Recalled to their task, the forces rally now—
Hang poised within their ranks until, at the signal
From the leader, they raise their instruments again
And together celebrate beauty.


Poplar

Surely this one is meant for our delight—
When, hidden in the green, a hundred butterflies,
Catching a breeze, flutter sage and silver wings
In tethered flight—or a dozen veiled limbs,
Lifting in the wind, swing their lavish weave
Of flashing bangle, leaf, and twig coyly
In and out of sight.

Hard, that is, to see within the lovely show
Economies of growth, accommodated
Circumstance—to recognize the play of leaf
And branch, the rich invention of their repertoire,
As strategies devised by chance to ease
The take of air and light.

For pleasure freely taken, all due thanks—
Applaud the accidental show. All honor
To the spectacle—clearest to the nourished eye—
Of gratifying need: the appetite for abundance,
The will to sense and feed.


The Pigeon Is a Shoe

Artful decoy at the curb,
working its spell from forty feet—
a straight-line pull across the pavement,
gait steadied by stony resignation, eyes forward.
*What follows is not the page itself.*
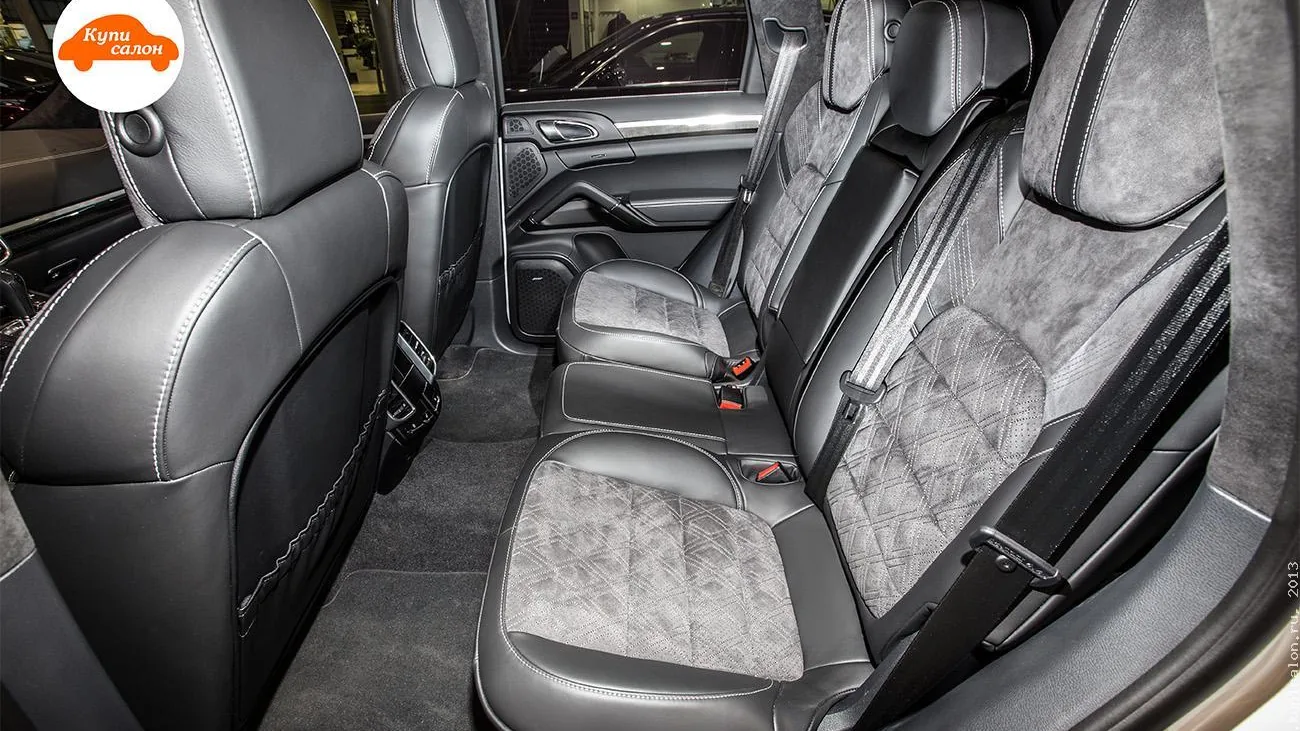 Перетяжка салона Porsche Cayenne: задний ряд сидений, подголовники, дверные карты, центральный подлокотник из кожи и алькантары с ромбовидной перфорацией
And the pigeon is only a shoe.
Really an ankle boot, I see, the neck
folded to the toe. The leather slumps,
a dead white worn to gray along the body.

So I’m spared the memory of a bird—
on this corner, at this hour,
with or without visible injury—
and, too close, the stark look of afterlife.

Though here comes a cat from months ago,
on its side on a hearth at Guerrero
and Fourteenth, here it is among the bins,
a calico stretched out lazily in the early afternoon,
its mouth open, baring the smallest teeth,
and a split pomegranate at the neck.